Work required
Leave out the images; return the rest of the data exactly.

Data excerpt
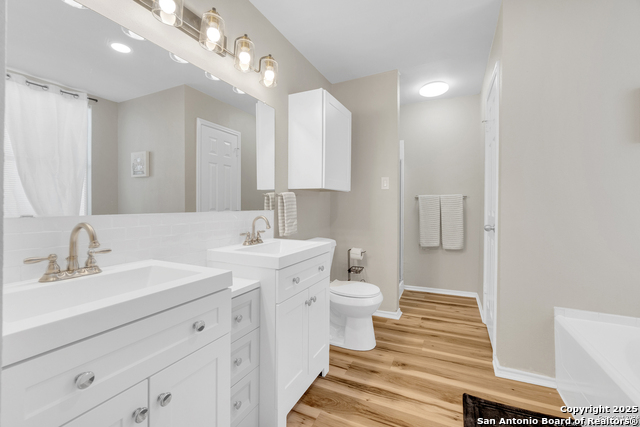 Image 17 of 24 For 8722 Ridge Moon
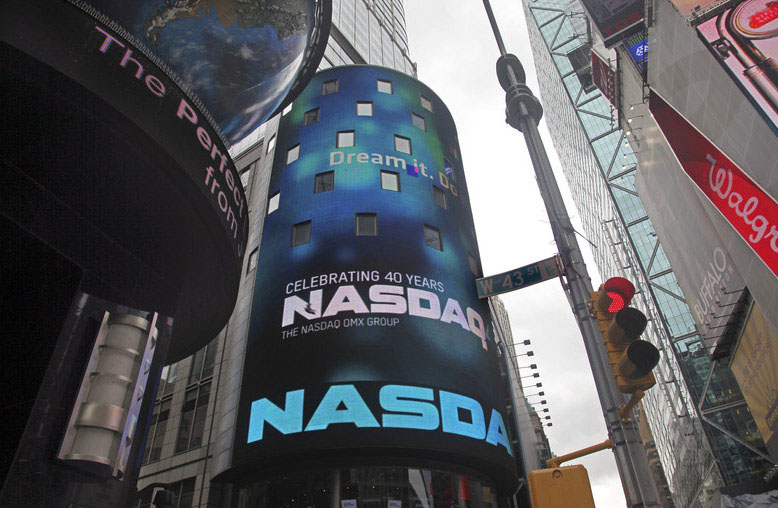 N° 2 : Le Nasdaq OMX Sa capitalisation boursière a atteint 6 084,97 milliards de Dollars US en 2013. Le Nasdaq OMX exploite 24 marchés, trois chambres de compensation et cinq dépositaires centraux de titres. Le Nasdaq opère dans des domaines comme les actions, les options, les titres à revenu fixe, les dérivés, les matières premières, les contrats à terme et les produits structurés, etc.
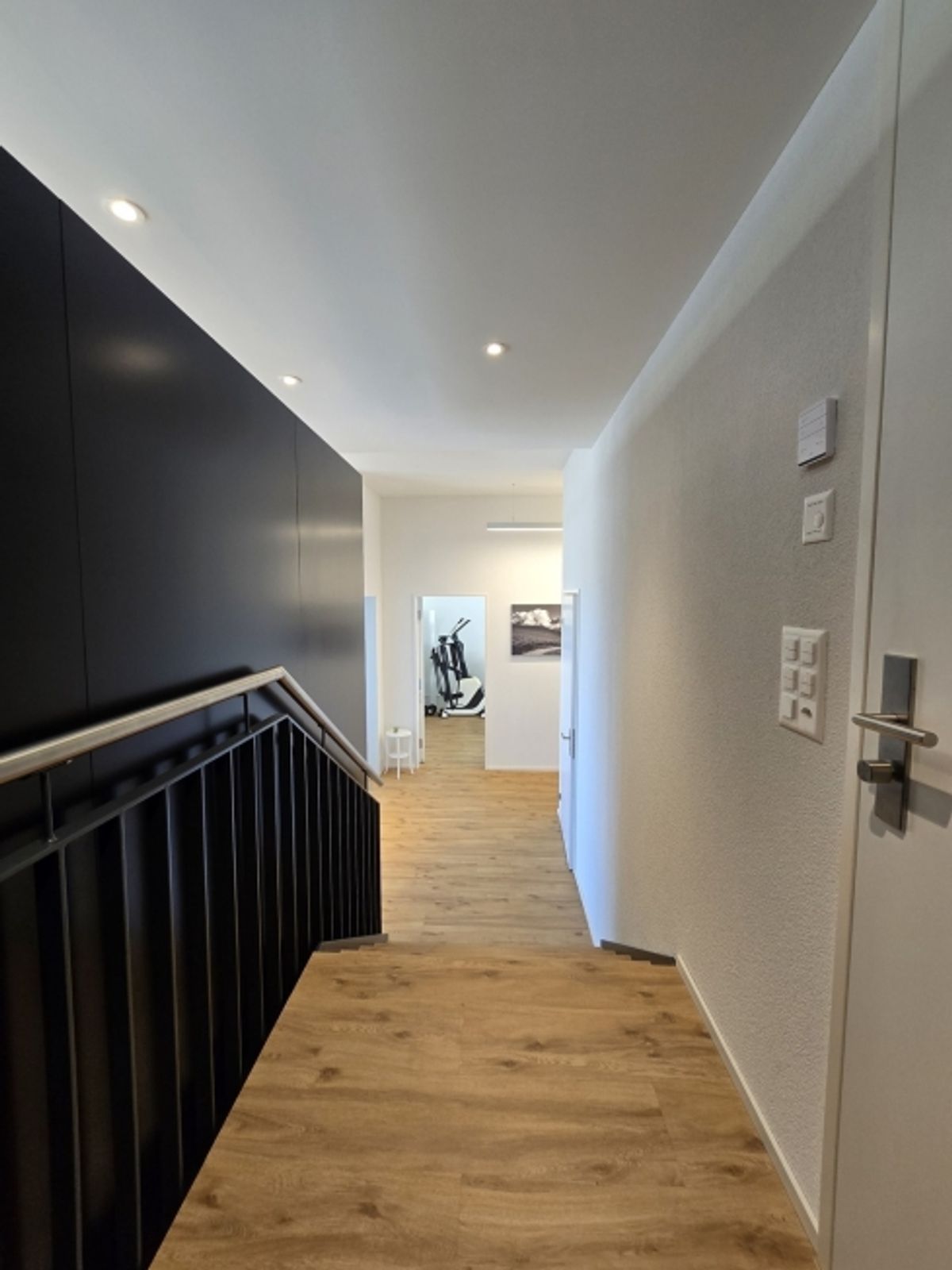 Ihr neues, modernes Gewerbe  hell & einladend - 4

Solved problem
 Image 17 of 24 For 8722 Ridge Moon
 N° 2 : Le Nasdaq OMX Sa capitalisation boursière a atteint 6 084,97 milliards de Dollars US en 2013. Le Nasdaq OMX exploite 24 marchés, trois chambres de compensation et cinq dépositaires centraux de titres. Le Nasdaq opère dans des domaines comme les actions, les options, les titres à revenu fixe, les dérivés, les matières premières, les contrats à terme et les produits structurés, etc.
 Ihr neues, modernes Gewerbe  hell & einladend - 4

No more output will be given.